However, in the last month the issue seems to have become more common, with the occasional person reporting it in my software uninstall surveys, and long term users reporting the sudden failure of the software on their computers. Of course, if it was failing for trial users it was costing me money, but I couldn’t measure the loss so I ignored it. That changed in the last month when I had to give a number of refunds to users who bought software that suddenly stopped working. Ouch. So the bug was really starting to concern me and to be honest, I’d started losing sleep over it because I just couldn’t work out what was going on. I was even considering re-coding the entire product in C#, not a small task with 75,000+ LOC in the Visual Basic code. I’d be looking at 6 to 12 months to completion and then at least 6 months of quick release cycles to get the bugs ironed out. Not an exciting prospect and I’d still have the bug gnawing away at my sales while I was beavering away on the re-write. And I’ll be honest I didn’t want to move the application to .NET. I’ve ported a VB6 application to C# before, and while the coding structure was much nicer, the actual speed of the application was FAR worse than the VB6 app and I’ve had to resort to all sorts of caching chicanery to get the performance to what is a barely acceptable level.
Matters Come to a Head
Things came to a head yesterday, with two new people informing me of the error and it was looking like I’d have to refund both of them for purchases made in the last few months. I spent some time poking around on Google again yesterday and finally hit on something useful, how to create application crash logs. It turns out getting an application to create a crash dump is as simple as adding one new Windows registry key:
HKEY_LOCAL_MACHINESOFTWAREMicrosoftWindowsWindows Error ReportingLocalDumps
When the application fails it creates a dump file here:
%LOCALAPPDATA%CrashDumps
I tested this on my local dev machine by triggering an application failure and creating a dump file, which I then could open in VS 2010. I couldn’t make much sense of it though. All I needed now was a machine that was experiencing the crash to create a dump file for me and perhaps I could get to the bottom of things.

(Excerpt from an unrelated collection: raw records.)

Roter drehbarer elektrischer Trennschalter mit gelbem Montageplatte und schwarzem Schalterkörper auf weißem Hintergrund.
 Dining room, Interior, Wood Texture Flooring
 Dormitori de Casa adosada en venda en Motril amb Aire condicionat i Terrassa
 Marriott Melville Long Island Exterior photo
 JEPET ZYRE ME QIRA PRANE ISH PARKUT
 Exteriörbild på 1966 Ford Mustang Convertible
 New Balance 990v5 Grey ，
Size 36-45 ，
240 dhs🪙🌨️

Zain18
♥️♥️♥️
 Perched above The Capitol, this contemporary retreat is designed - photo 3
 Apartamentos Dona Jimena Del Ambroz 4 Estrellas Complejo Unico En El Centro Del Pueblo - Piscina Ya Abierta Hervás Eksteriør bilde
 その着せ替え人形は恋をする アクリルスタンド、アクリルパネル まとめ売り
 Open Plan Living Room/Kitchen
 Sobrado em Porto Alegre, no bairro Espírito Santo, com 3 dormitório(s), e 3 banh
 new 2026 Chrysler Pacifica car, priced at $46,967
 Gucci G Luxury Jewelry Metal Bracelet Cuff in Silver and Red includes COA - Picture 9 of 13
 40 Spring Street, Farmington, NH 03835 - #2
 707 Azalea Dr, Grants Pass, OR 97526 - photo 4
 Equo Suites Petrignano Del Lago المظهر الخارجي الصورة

Along Comes a White Knight
I had the first glimmers of the possibility of getting to the bottom of this vexing issue last night, when a long time user of my product reported that he was experiencing the issue. Recently my usual approach has been to ask if I can get a short time to access the problem computer remotely using my remote access tool of choice, Teamviewer. Sometimes people say yes, sometimes they so no. In the case of this particular customer, he said sure you can have access, and I’ll leave it on ALL NIGHT for you so you can take as long as you like. HUZZAH!
Grabbing the Crash Dump
I logged into the customer’s PC remotely and ran my software. Sure enough, it crashed on startup. Interestingly when it crashed I saw a flash of the main application window before the troublesome error box appeared. I then tried starting up the software with the application window minimized, and hey presto it ran. But as soon as I activated the window the software crashed again. This confirmed what I’d already suspected, that the crash had something to do with the first redraw/paint of the application window. Examining the log files my software creates showed what it usually did, the software crashes somewhere AFTER the first form resize event. Anyway, I’d confirmed that the crash I was seeing was the same one other people had seen. Time to create the Windows Registry key I mentioned earlier to have the software create a crash dump. I did that, ran the software to crash, and looked in the %LOCALAPPDATA%CrashDumps folder and there was my crash dump. Transferring the file to my own computer I wondered what to do next.
WinDBG is King
I’d already opened up a crash log in VS2010 and to be honest it meant nothing to me. So I tooled about for a bit on Google and it appeared that the tool of choice was “WinDBG”. I found an installer for it on windbg.org. Once installed it fired up and I loaded up my crash log and was shown this:
Crash Dump in WinDBG
All very interesting but it doesn’t tell me much and the reason is on the 5th line of text “Symbol search path: *** Invalid ***”. Now, time for full disclosure, I am no computer scientist and my programming coursework was confined to PASCAL and I have little idea of computer architecture and a computer stack to me, is just a pile of computers. So, when I saw this message I had no idea what a “Symbol” was and had even less idea how WinDBG was going to help me. 10 minutes of research later I’d worked out that Symbols are used to decode the crash dump (which is essentially a memory dump) and allow WinDBG to display various function calls and function sources associated with the dump. Giving the debugger a symbol path is simple, just run the following command in WinDBG:
.sympath SRV*f:localsymbols*http://msdl.microsoft.com/download/symbols
Once that was done I could analyze the dump file again with:
!analyze -v
The analysis took a minute or so and the first thing of interest that popped up was:
*** ERROR: Symbol file could not be found. Defaulted to export symbols for ciaXPLabel30.ocx -
***** OS symbols are WRONG. Please fix symbols to do analysis.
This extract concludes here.